"Il nostro nome è Trotta. La nostra casata è originaria di Sipolje, in Slovenia. Casata, dico: perché noi non siamo una famiglia. Sipolje non esiste più, da tempo, ormai". Inizia così "La Cripta dei Cappuccini", uno degli ultimi e più fortunati romanzi dell'austriaco Joseph Roth, scritto nel 1938: un potente, nostalgico affresco dell'impero asburgico, che rappresentava (nota lo scrittore) "qualcosa di più grande, più vasto, più nobile che non una semplice patria". La parabola di un giovane brillante e ricco che nella Vienna degli anni precedenti la prima guerra mondiale conduce una vita dissipata e senza pensieri, finché il proclama di Francesco Giuseppe che nel 1914 annuncia il conflitto segna il principio della fine.

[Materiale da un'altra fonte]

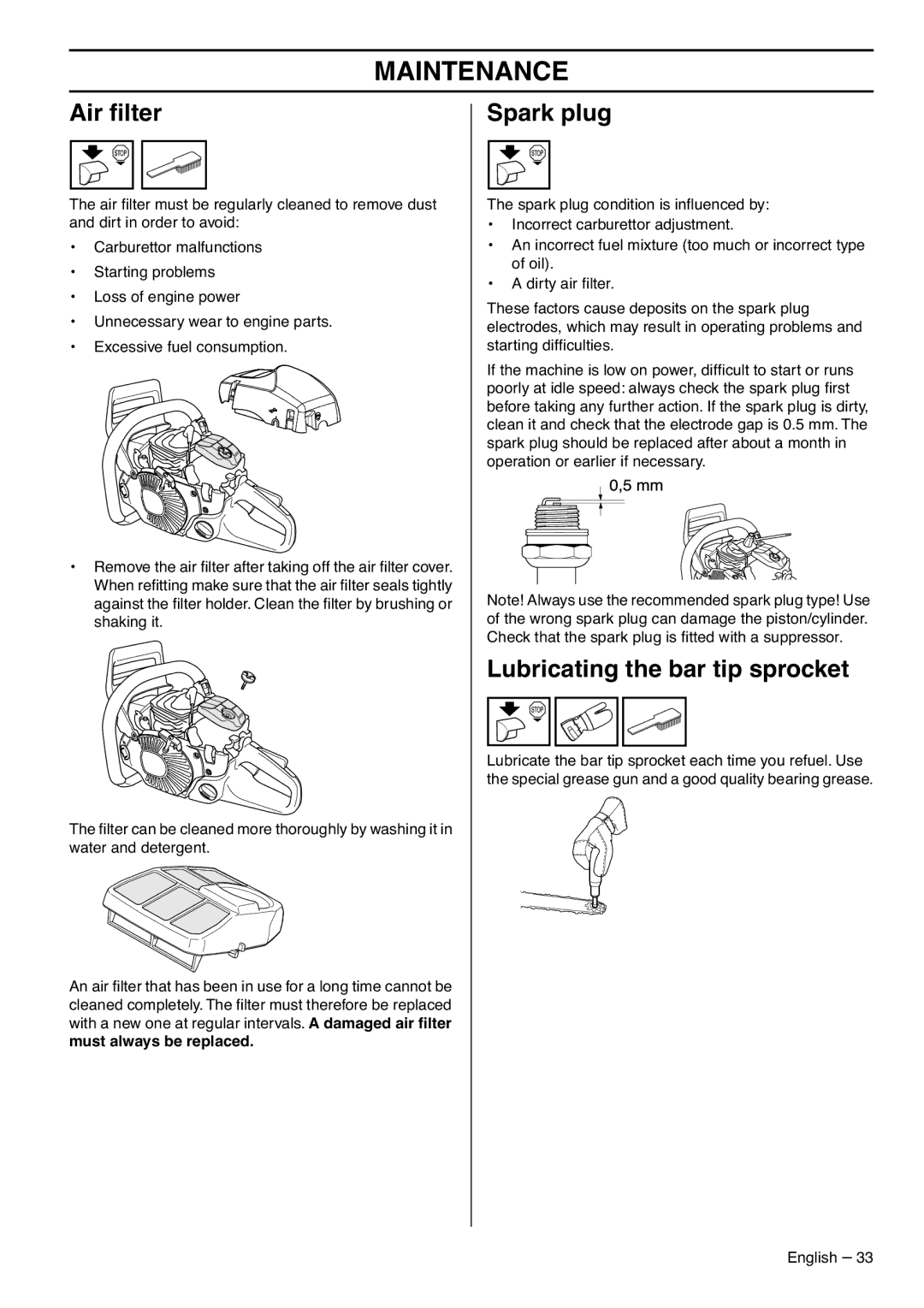 Zenoah GZ7000 manual Air ﬁlter, Spark plug, Lubricating the bar tip sprocket, Must always be replaced 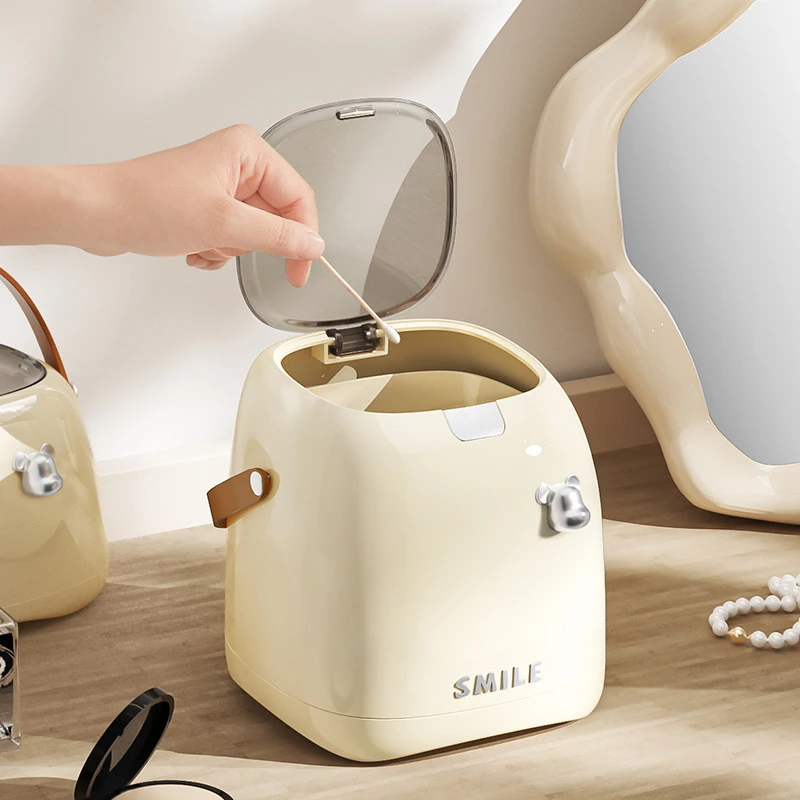 桌面垃圾桶高颜值家用带盖客厅茶几床头书桌上卫生桶可爱卧室纸篓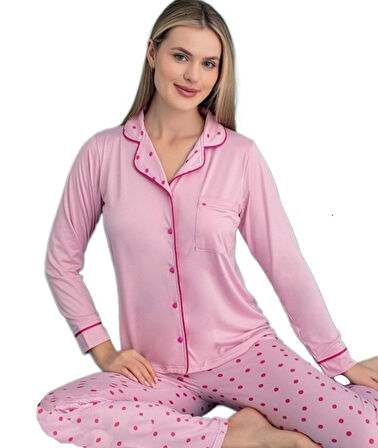 Giulietta Notte Uzun Kol Düğmeli Kadın Pijama Takımı Ev Giyim Hediyelik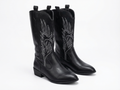 Santiag mi-haute noir Simili Cuir Femme - Broderies plume, coutures blanches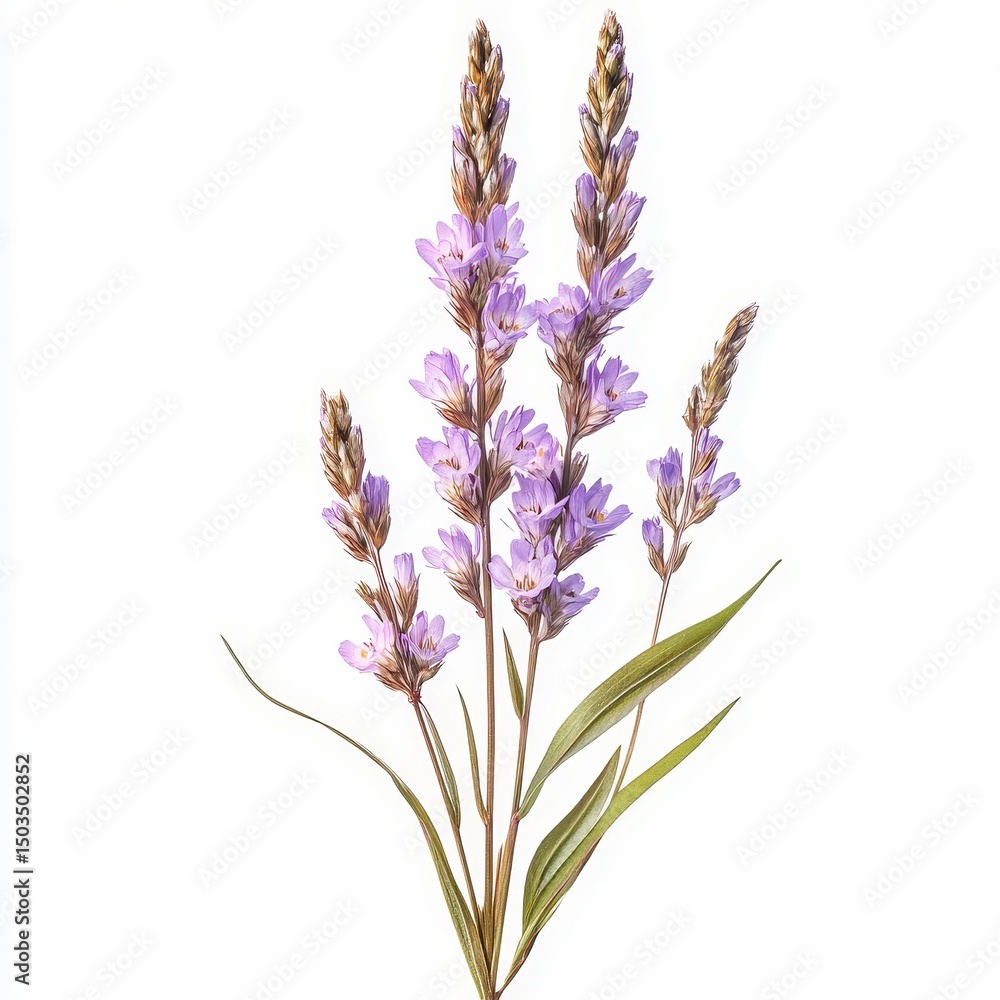 Fototapeta premium agrostemma githago corn cockle plant purple flowers and slender leaves isolated on white transparent background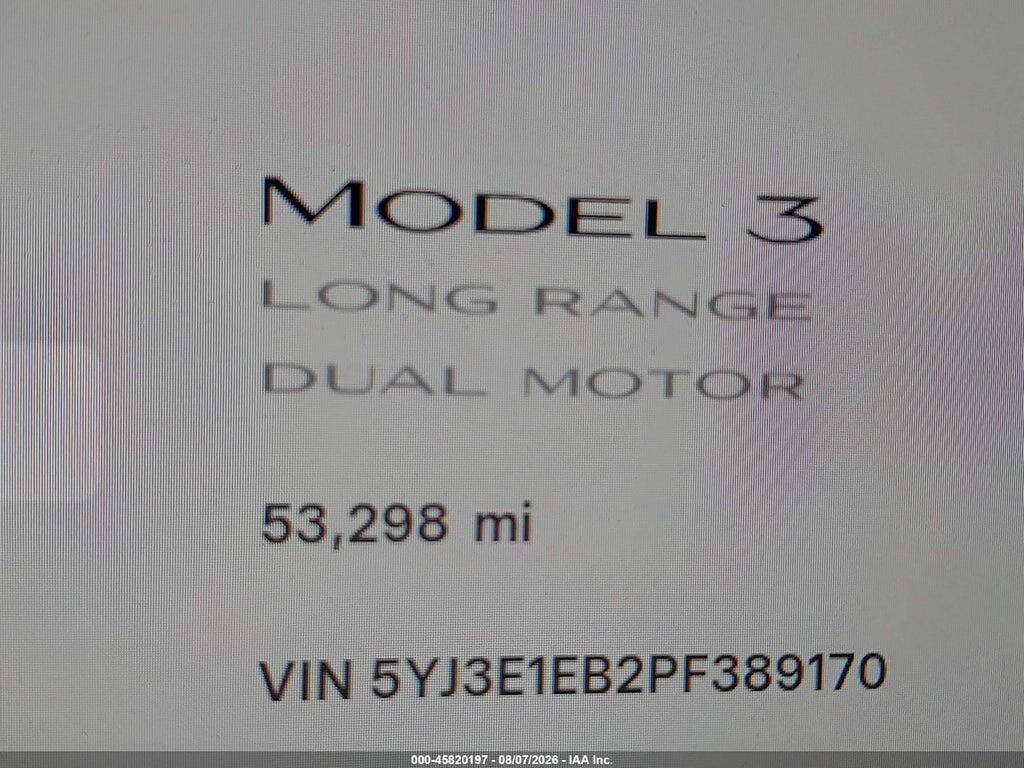 5YJ3E1EB2PF389170 2023 TESLA MODEL 3 photo no. 7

Un uomo sovrastato dagli eventi, che brancola come un naufrago in un mondo mitteleuropeo sconquassato, circondato da una galleria di amici dissoluti, di avventurieri, madri tiranne, mogli e fidanzate ambigue, nobili falliti, mentre già si profila sullo sfondo l'avvento del nazismo.
Una storia che adesso arriva a teatro con lo spettacolo omonimo "La Cripta dei Cappuccini", al debutto stasera al Teatro Verdi di Gorizia in prima assoluta: una produzione siglata Mittelfest, che vede la regia di Giacomo Pedini - direttore artistico della rassegna cividalese - con Natalino Balasso nel ruolo di protagonista in un cast di dieci attori. "Mettere in scena il romanzo di Roth, per la prima volta in Italia, è una sfida molto appassionante", ha spiegato il regista. Perché l'Europa di cento anni fa e quei personaggi non sono così tanto lontani da noi.

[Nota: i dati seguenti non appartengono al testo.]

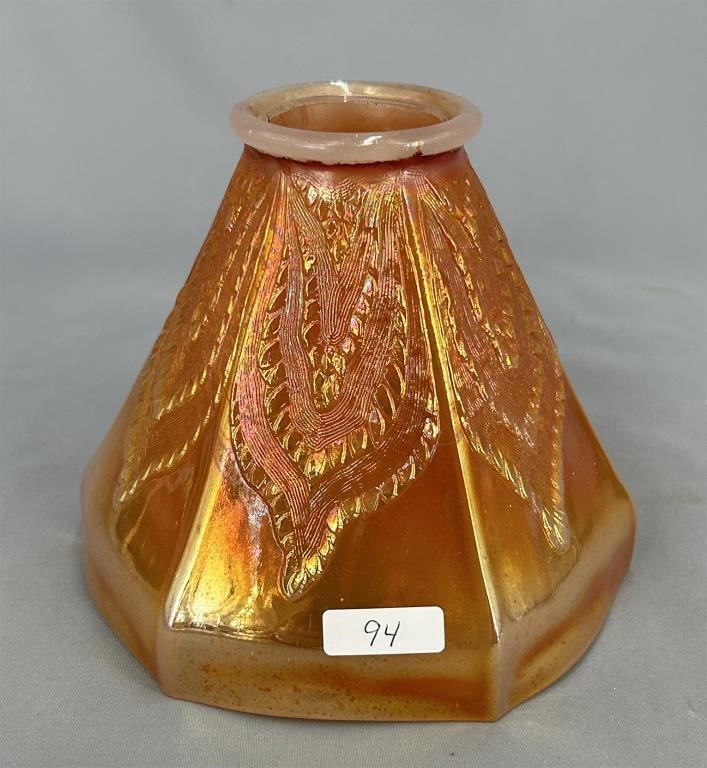 Dragons Tongue lamp shade - marigold on milk glass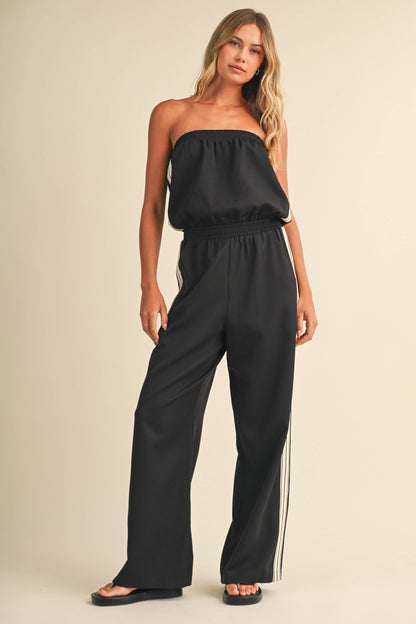 STRAPLESS STRIPE TRIM JUMPSUIT
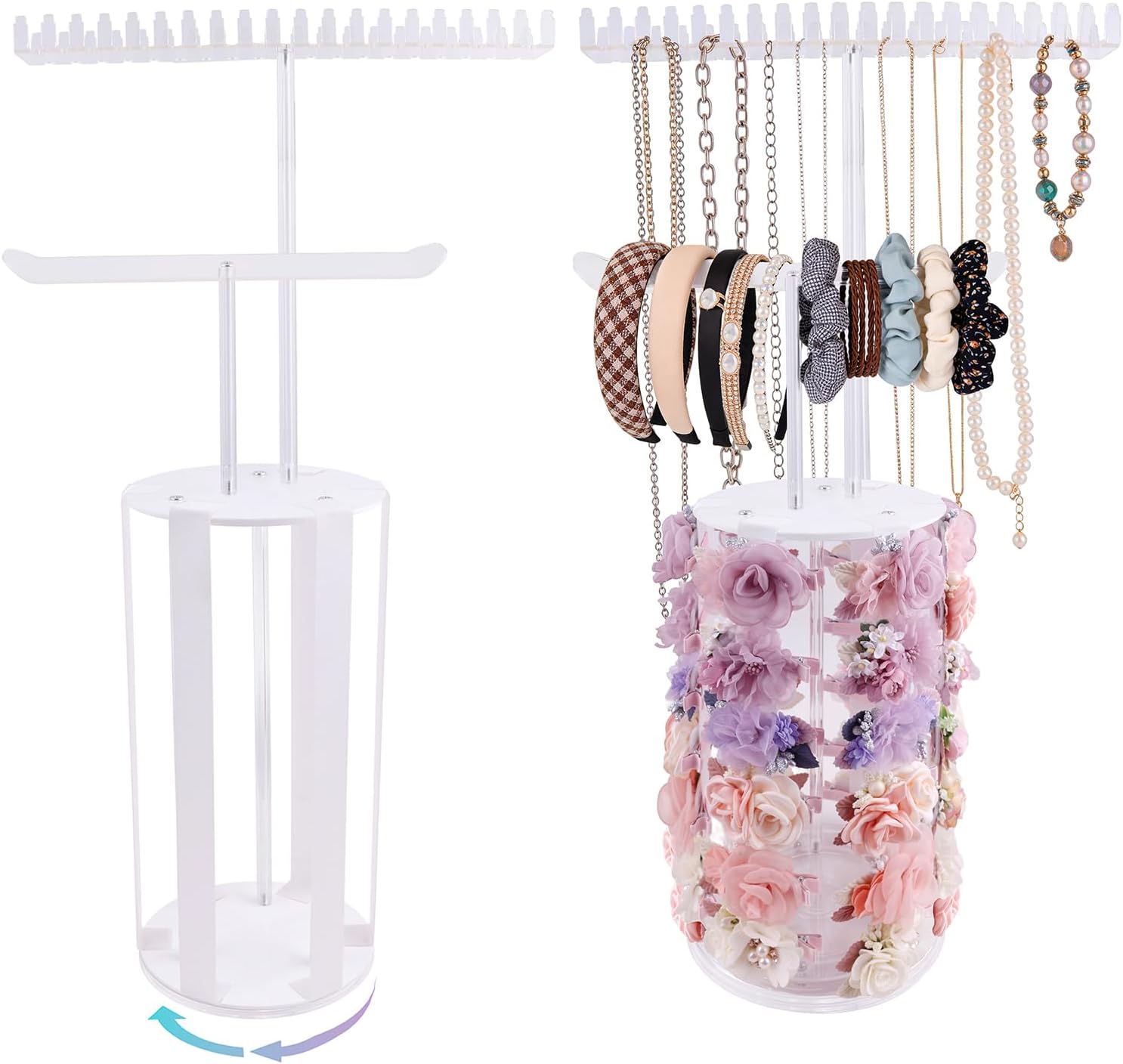 cherrboll Rotating Hair Bows Holder Stand, Headbands Organizer Scrunchies Claw Clips Rack Display Necklace Bracelet Hanger, Hair Accessories Storage Nursery Room Decor for Baby Toddler Girls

Lo spettacolo, con sovratitoli in sloveno e inglese, fa parte di una trilogia, "Inabili alla morte", commissionata a Mittelfest dalla Regione Friuli Venezia Giulia per GO!2025 Capitale europea della cultura: un progetto - realizzato insieme al Teatro nazionale sloveno di Nova Gorica - che si dispiega fino a novembre del prossimo anno, a cavallo tra le due città, con rappresentazioni in entrambe le lingue.